◆ **Task prompt**
Within the material below, transcribe exactly the lines from the one holding "Bílý přehoz z" through the one holding "Promotional White Custom", keeping both ends and skipping the rest.

☆ ☆ ☆

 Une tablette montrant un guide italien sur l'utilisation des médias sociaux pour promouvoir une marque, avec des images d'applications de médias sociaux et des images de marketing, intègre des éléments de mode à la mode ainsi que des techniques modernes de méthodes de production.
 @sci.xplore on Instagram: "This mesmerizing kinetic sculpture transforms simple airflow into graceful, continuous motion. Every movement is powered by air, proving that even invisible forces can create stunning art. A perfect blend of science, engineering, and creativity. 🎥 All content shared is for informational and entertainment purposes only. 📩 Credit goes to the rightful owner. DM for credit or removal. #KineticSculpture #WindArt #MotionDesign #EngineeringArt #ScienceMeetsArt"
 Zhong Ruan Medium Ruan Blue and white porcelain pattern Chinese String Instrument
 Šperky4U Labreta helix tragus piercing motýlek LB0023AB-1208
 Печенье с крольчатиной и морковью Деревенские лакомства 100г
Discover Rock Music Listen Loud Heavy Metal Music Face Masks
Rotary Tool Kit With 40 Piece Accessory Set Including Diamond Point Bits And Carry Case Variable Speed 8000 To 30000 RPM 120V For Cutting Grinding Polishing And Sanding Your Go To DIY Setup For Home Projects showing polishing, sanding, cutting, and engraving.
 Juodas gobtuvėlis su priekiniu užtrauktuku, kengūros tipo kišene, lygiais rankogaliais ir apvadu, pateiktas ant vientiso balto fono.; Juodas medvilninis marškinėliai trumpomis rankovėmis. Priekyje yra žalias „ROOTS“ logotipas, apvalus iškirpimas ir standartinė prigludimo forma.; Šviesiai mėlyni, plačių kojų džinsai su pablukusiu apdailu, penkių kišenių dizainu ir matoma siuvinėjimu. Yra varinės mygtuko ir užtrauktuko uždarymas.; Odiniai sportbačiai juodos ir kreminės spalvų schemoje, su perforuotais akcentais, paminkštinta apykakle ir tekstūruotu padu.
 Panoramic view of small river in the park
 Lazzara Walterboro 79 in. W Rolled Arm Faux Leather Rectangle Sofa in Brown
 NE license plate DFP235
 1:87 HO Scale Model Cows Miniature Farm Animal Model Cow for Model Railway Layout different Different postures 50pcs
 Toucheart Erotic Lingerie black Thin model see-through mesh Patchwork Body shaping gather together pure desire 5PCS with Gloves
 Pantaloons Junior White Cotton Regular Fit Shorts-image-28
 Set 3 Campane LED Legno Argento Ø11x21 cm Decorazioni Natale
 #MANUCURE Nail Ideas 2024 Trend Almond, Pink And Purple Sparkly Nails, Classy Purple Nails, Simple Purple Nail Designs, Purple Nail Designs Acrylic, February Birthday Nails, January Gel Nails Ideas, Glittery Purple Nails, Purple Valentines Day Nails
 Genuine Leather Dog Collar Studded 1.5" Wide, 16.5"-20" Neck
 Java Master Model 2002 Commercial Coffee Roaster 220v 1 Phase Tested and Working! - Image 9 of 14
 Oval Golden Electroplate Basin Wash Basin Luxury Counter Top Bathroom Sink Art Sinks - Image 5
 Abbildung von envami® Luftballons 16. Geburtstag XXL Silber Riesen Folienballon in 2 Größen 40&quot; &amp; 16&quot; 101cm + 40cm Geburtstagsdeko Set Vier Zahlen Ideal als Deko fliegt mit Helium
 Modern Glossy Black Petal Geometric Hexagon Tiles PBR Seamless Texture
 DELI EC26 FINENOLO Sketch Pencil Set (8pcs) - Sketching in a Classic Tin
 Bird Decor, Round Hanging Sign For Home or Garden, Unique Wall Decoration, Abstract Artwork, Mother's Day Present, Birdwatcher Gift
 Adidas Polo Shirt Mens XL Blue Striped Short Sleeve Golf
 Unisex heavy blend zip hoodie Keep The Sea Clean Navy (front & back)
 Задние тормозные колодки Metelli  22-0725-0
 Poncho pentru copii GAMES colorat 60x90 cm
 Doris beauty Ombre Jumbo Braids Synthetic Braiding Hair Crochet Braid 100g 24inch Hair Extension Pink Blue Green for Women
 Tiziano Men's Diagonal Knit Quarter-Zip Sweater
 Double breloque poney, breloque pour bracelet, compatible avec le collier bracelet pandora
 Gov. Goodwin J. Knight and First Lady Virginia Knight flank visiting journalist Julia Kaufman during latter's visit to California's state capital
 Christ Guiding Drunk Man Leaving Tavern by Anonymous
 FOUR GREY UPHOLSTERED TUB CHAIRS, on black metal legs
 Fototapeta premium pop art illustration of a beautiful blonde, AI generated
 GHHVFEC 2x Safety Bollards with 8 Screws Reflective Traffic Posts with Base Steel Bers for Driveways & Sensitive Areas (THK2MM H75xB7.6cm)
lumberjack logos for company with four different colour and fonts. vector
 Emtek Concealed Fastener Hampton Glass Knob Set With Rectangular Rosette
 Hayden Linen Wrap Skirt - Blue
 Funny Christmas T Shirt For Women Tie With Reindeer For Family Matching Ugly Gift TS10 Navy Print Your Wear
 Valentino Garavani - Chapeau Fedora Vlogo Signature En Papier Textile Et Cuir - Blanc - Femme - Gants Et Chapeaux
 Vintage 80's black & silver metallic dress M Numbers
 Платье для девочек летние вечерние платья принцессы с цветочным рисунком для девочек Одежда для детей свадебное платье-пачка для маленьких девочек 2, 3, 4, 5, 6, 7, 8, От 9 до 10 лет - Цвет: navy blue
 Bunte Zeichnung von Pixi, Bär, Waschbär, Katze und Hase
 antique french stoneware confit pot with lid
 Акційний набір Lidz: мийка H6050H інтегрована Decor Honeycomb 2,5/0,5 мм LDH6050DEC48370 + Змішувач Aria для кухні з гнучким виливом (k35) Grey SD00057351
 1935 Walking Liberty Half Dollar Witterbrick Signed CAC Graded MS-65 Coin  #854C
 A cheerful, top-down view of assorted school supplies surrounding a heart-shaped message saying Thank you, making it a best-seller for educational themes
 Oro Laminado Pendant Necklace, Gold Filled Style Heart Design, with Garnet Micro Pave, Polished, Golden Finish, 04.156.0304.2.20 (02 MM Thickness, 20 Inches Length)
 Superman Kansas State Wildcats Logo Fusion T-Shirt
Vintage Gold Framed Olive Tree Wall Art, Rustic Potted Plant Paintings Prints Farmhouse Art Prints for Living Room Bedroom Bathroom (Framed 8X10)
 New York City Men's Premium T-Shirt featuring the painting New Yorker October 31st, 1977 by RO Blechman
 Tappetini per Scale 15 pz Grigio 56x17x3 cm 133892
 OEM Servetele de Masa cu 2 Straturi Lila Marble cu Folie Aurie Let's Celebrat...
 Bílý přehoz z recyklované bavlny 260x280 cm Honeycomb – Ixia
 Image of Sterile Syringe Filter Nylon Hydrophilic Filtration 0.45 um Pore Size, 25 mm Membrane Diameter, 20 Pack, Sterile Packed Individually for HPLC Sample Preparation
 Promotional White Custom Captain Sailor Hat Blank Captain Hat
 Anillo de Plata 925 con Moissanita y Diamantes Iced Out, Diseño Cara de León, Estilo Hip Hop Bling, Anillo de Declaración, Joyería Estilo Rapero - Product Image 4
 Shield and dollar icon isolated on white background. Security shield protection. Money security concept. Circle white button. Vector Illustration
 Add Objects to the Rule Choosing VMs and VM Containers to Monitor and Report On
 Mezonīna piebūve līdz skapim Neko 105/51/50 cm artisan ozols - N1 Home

☆ ☆ ☆

◆ **Answer below**
 Bílý přehoz z recyklované bavlny 260x280 cm Honeycomb – Ixia
 Image of Sterile Syringe Filter Nylon Hydrophilic Filtration 0.45 um Pore Size, 25 mm Membrane Diameter, 20 Pack, Sterile Packed Individually for HPLC Sample Preparation
 Promotional White Custom Captain Sailor Hat Blank Captain Hat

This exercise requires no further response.